With the second round of Czech presidential elections on the horizon, suspicion is growing over the funding behind incumbent President Milos Zeman’s campaign.The Czech newspaper Lidové Noviny is conducting an investigation into how the “Friends of Milos Zeman” club — a group of his closest allies and supporters — donated around 400 thousand dollars to the pro-Kremlin candidate. However, one question remains open: where did this money originate.
Zeman’s connections to Moscow are no secret. As Veronika Vichova, an analyst at the European Values think tank’s Kremlin Watch Program, told Hromadske, Zeman surrounds himself with people linked to Russian business, and the Czech president remains one of President Putin’s strongest allies in Central Europe, so “they definitely want to keep Mr. Zeman in.”
Zeman’s behavior during campaign season has also added to that suspicion. The incumbent has said that he is not running a campaign and has refused media appearances. But posters, billboards and smear campaigns against his opponent Jiří Drahoš emerged even before the first round of the elections.
It is still possible that the investigation and the questions surrounding Zeman’s campaign may not significantly affect the overall results of the January 26-27 election.

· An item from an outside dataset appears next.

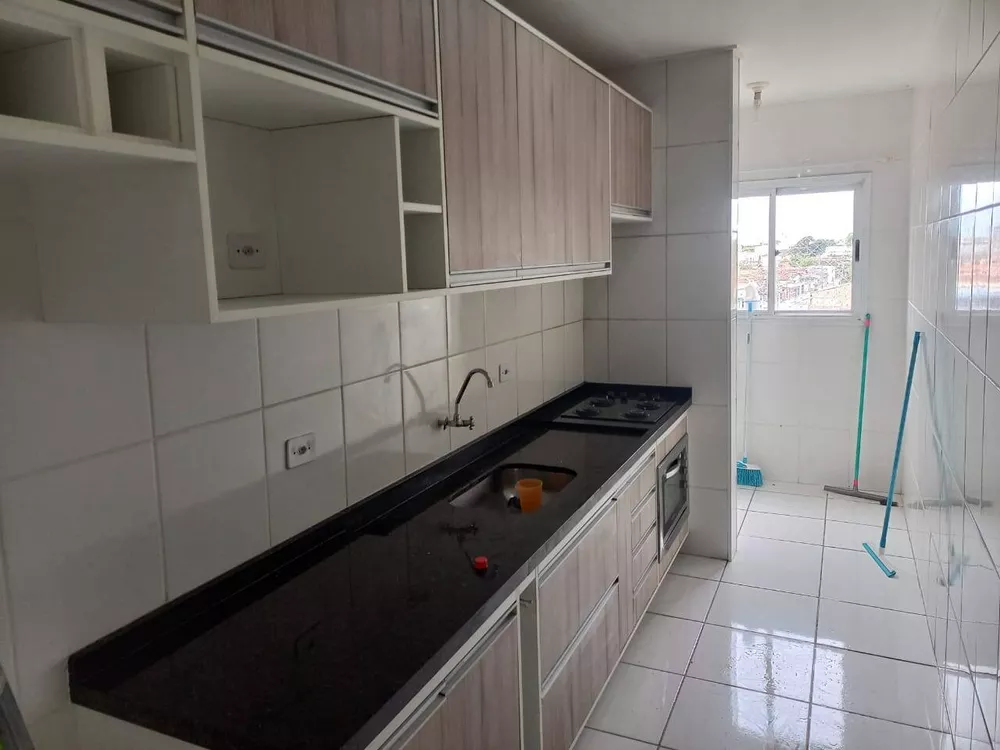 Apartamento à venda com 2 quartos, 65m² - Foto 2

“There are people who are probably going to vote for him no matter what because there are people who do not mind his inclinations towards the East,” Vichova says. “But I believe it might have an influence on the people who are still undecided.”
At the moment, members of the Friends of Milos Zeman club are refusing to comment on the source of the money, “so we'll see where the investigative journalists will get with this reporting,” says Vichova.
Hromadske spoke to Veronika Vichova via Skype to discuss the latest twist in Czechia’s complicated election saga.
My first question will be about this investigation that Czech journalists are doing about this hidden scheme to finance pro-Kremlin candidate Zeman. Can you explain this a bit more? What are the key points of this investigation? How much money did Zeman receive and what are the Kremlin links?
I think the main points have been visible already during the previous term of President Zeman. He surrounds himself with people with connections to Russian business. One such examples is Mr. Nejedly, who works as an economic aid but he does not have an official position at the Prague castle and he doesn't have a security clearance. However, he used work at Russia, he used to work for the energy company Lukoil and, a few months ago, he was fined for selling oil from strategic reserves. Lukoil paid for his fine in order for him to stay near the President and he has a huge informal influence on him. Another such example is Mr. Mynar, who is the Chancellor, or Chief of Staff of our President and he is the chief of the club of Friends of Milos Zeman, which gave the President around eight-nine million crowns for his campaign, he says he doesn't lead it, but the club refuses to disclose where [they got] the money.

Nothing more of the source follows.